**** Exercise inputs ****
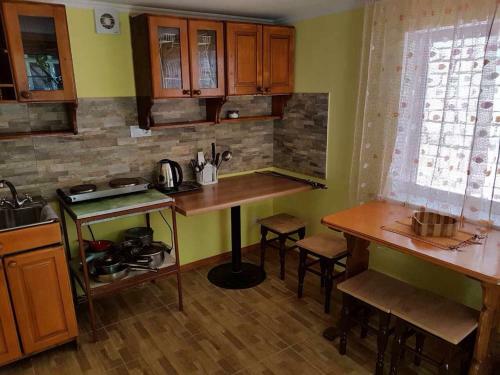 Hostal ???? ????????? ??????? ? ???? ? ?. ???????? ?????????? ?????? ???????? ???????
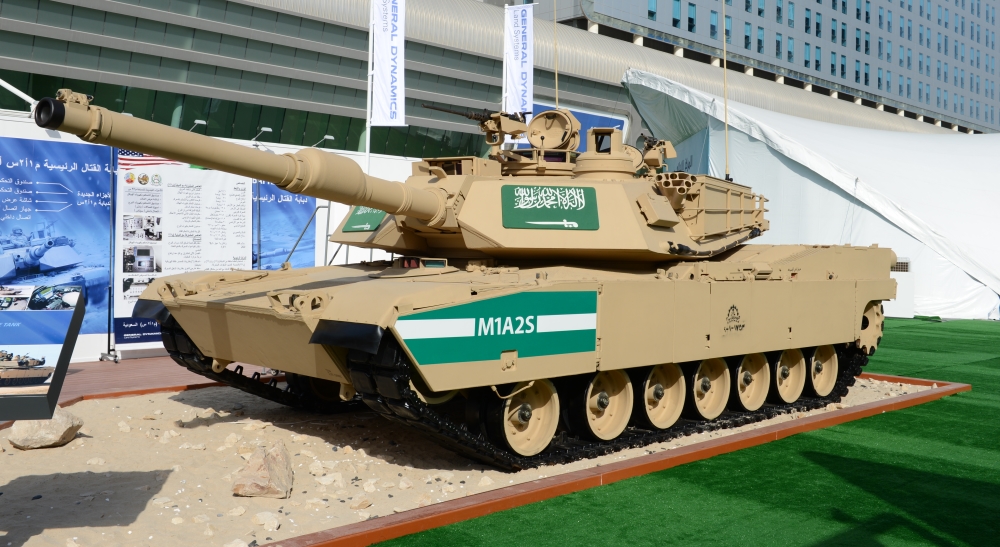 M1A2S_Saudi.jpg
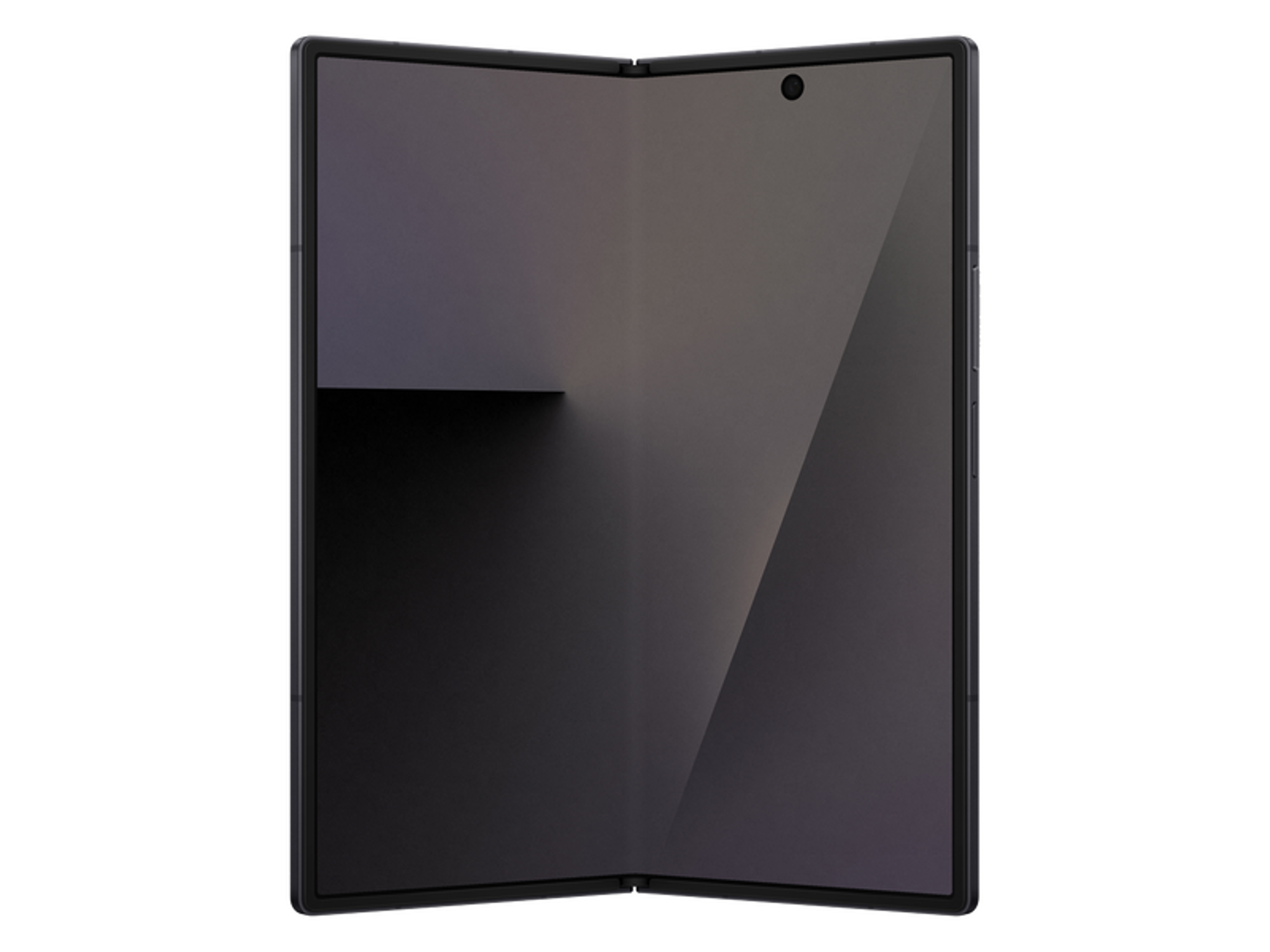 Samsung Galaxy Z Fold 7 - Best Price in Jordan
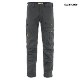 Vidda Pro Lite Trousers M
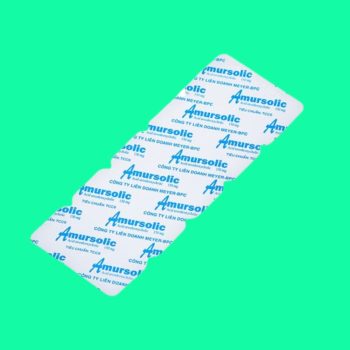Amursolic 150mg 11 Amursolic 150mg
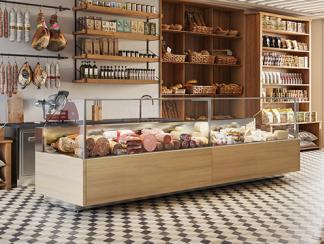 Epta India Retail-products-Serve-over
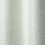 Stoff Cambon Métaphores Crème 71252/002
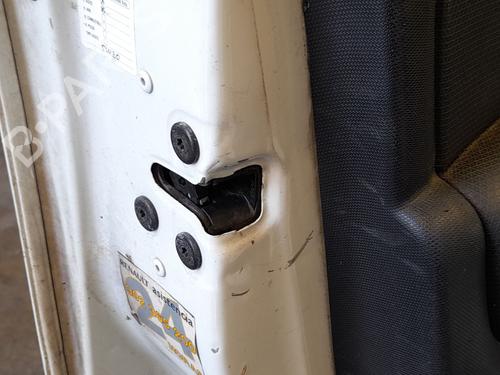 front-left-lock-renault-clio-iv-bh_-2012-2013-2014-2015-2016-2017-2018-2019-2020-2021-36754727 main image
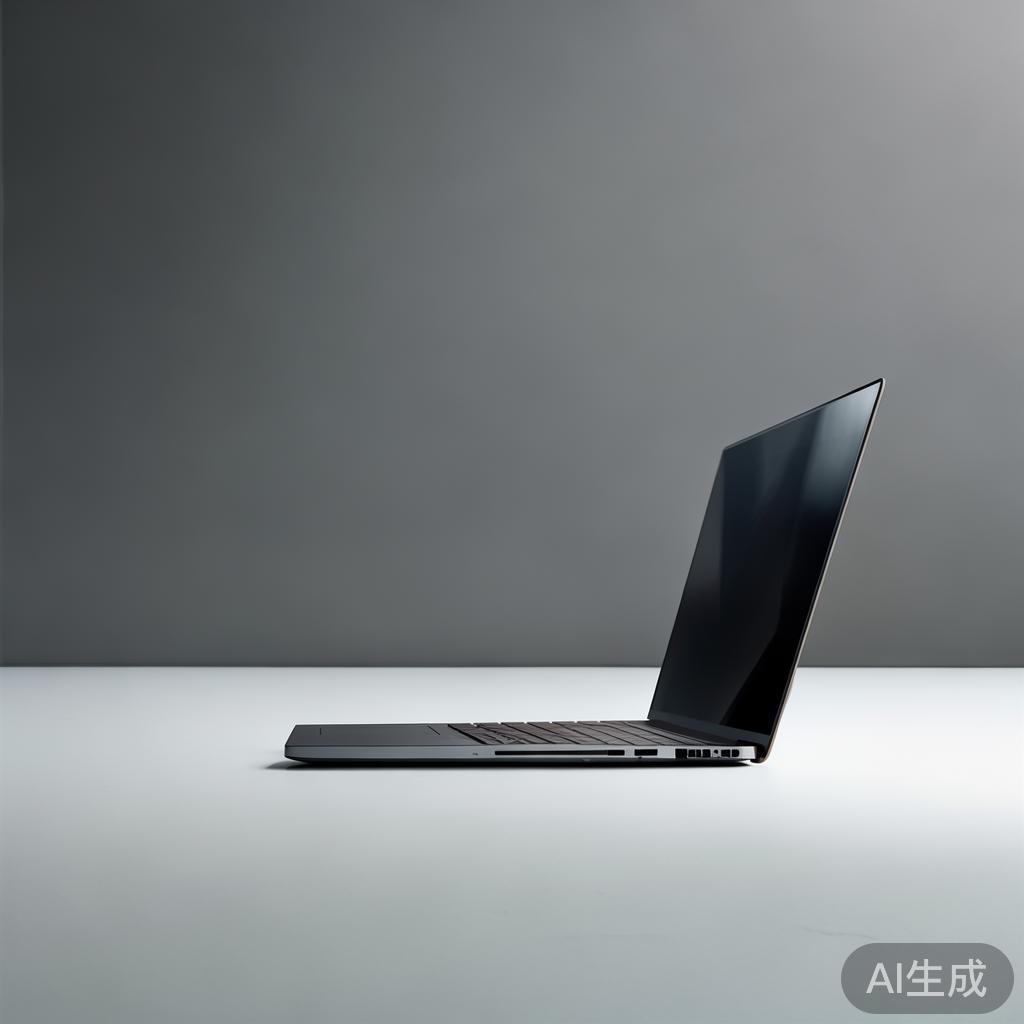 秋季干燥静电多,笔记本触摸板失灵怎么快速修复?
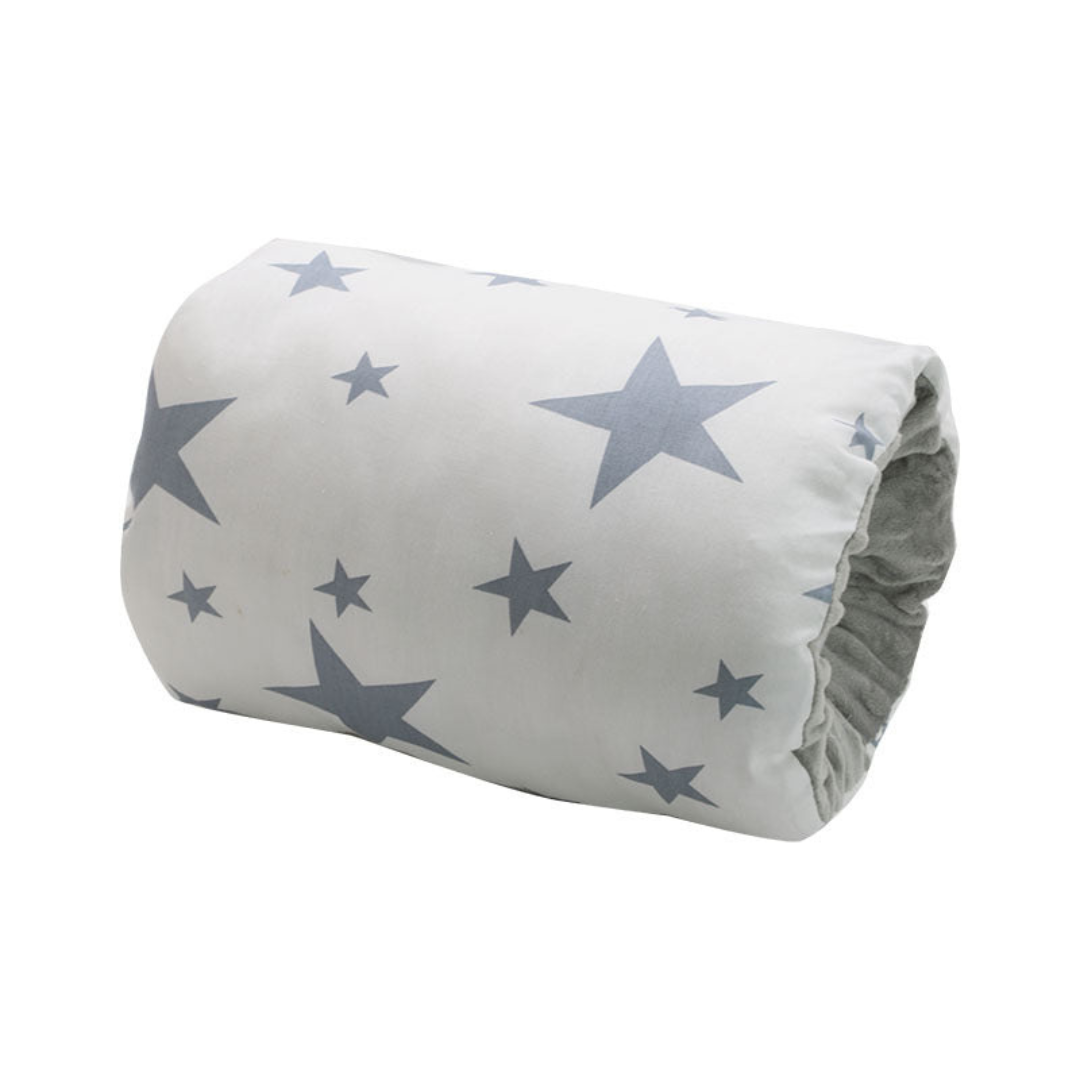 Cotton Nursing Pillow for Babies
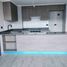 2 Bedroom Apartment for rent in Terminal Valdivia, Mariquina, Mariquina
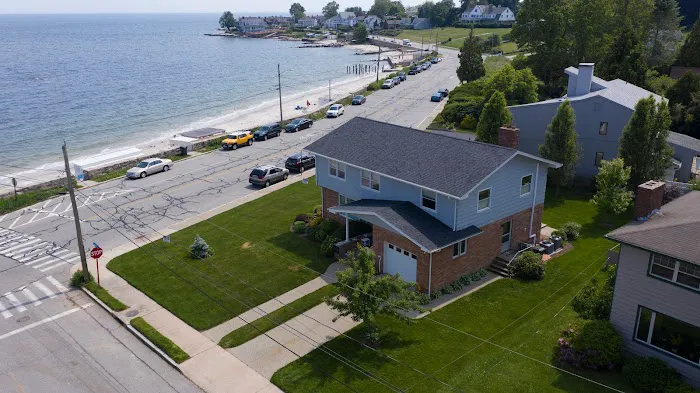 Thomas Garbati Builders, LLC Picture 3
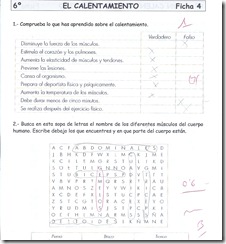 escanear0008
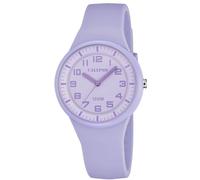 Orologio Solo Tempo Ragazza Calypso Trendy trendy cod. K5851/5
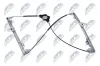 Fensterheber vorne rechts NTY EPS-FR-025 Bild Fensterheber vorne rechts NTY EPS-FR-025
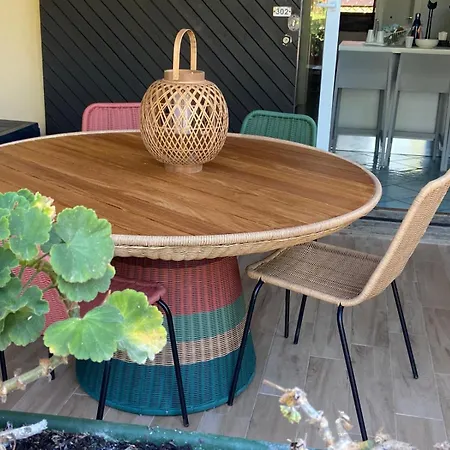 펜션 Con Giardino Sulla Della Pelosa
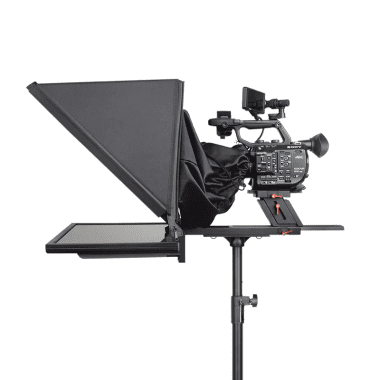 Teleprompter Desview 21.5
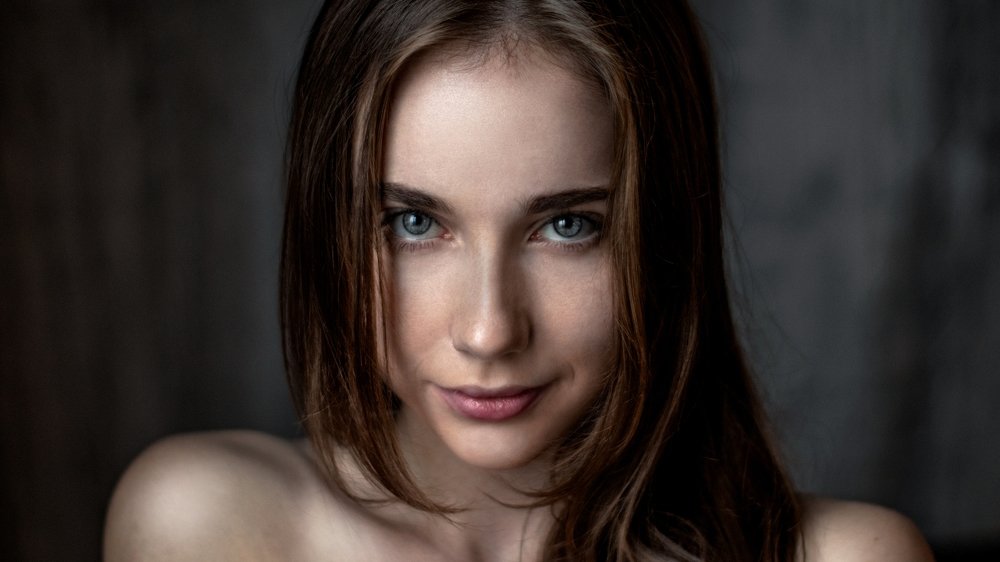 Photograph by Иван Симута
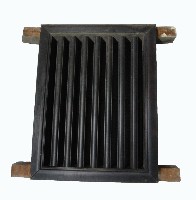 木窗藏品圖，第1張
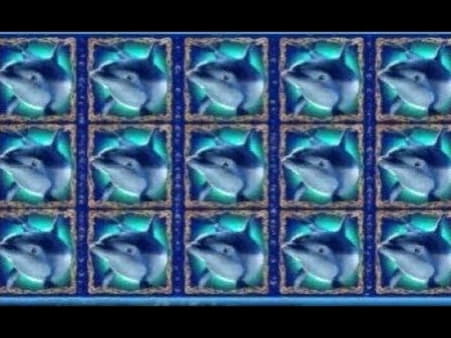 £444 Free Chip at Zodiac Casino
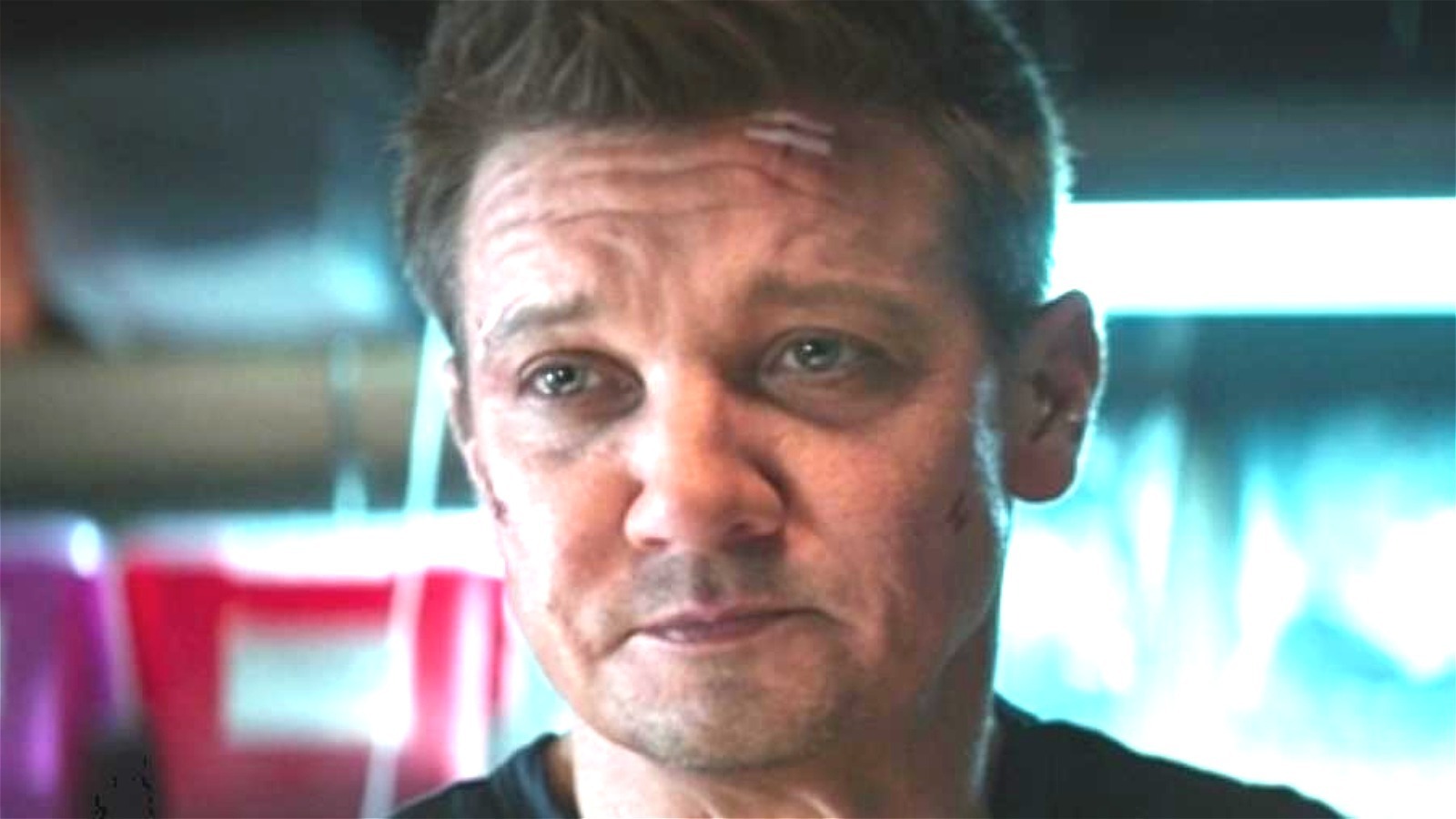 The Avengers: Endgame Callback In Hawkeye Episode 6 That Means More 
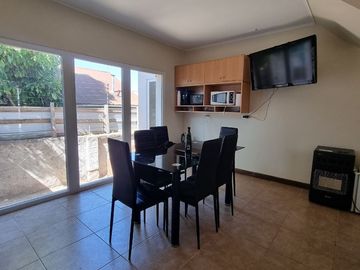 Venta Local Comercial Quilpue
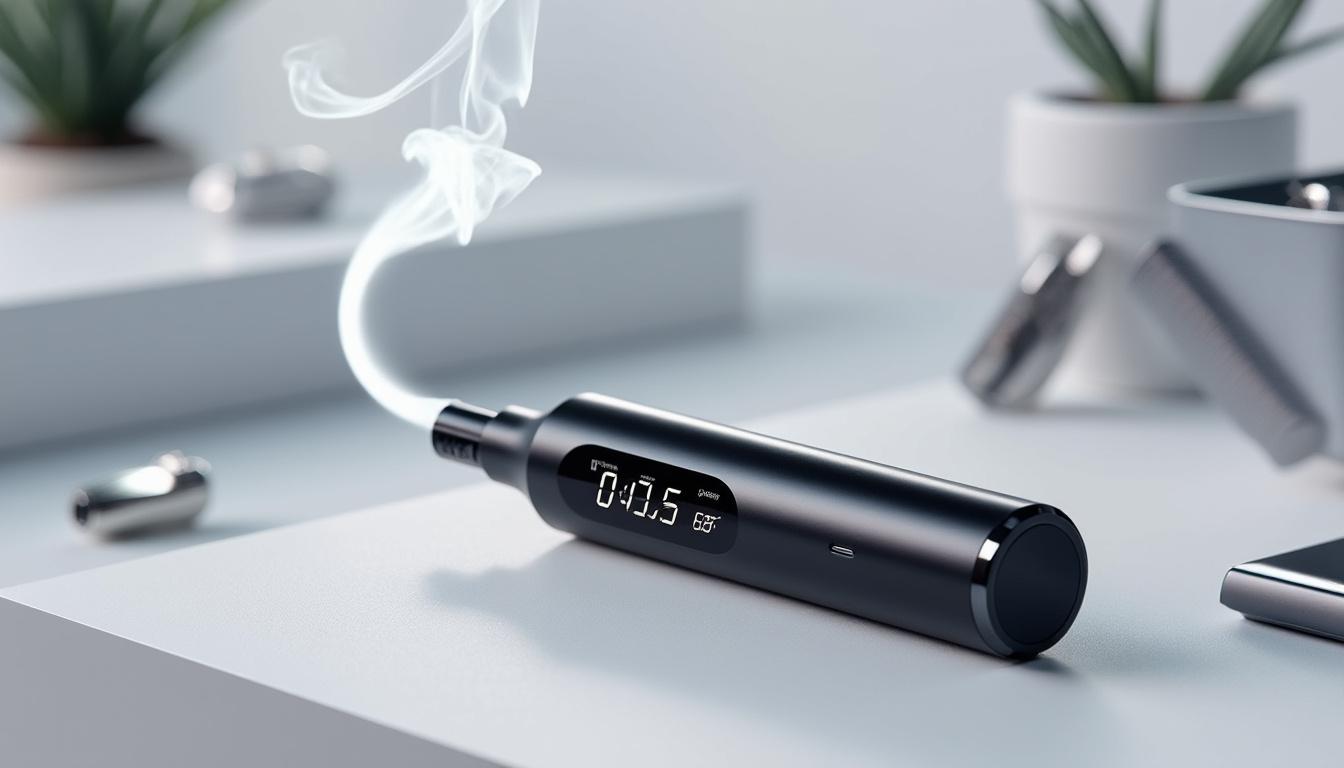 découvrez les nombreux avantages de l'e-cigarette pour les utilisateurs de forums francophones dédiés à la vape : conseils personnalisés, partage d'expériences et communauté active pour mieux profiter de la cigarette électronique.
****
▶ [Exercise description]: Pictures aside, reproduce all of the material above without alteration.

▶ [Answer to this task]:
 Hostal ???? ????????? ??????? ? ???? ? ?. ???????? ?????????? ?????? ???????? ???????
 M1A2S_Saudi.jpg
 Samsung Galaxy Z Fold 7 - Best Price in Jordan
 Vidda Pro Lite Trousers M
Amursolic 150mg 11 Amursolic 150mg
 Epta India Retail-products-Serve-over
 Stoff Cambon Métaphores Crème 71252/002
 front-left-lock-renault-clio-iv-bh_-2012-2013-2014-2015-2016-2017-2018-2019-2020-2021-36754727 main image
 秋季干燥静电多,笔记本触摸板失灵怎么快速修复?
 Cotton Nursing Pillow for Babies
 2 Bedroom Apartment for rent in Terminal Valdivia, Mariquina, Mariquina
 Thomas Garbati Builders, LLC Picture 3
 escanear0008
 Orologio Solo Tempo Ragazza Calypso Trendy trendy cod. K5851/5
 Fensterheber vorne rechts NTY EPS-FR-025 Bild Fensterheber vorne rechts NTY EPS-FR-025
 펜션 Con Giardino Sulla Della Pelosa
 Teleprompter Desview 21.5
 Photograph by Иван Симута
 木窗藏品圖，第1張
 £444 Free Chip at Zodiac Casino
 The Avengers: Endgame Callback In Hawkeye Episode 6 That Means More 
 Venta Local Comercial Quilpue
 découvrez les nombreux avantages de l'e-cigarette pour les utilisateurs de forums francophones dédiés à la vape : conseils personnalisés, partage d'expériences et communauté active pour mieux profiter de la cigarette électronique.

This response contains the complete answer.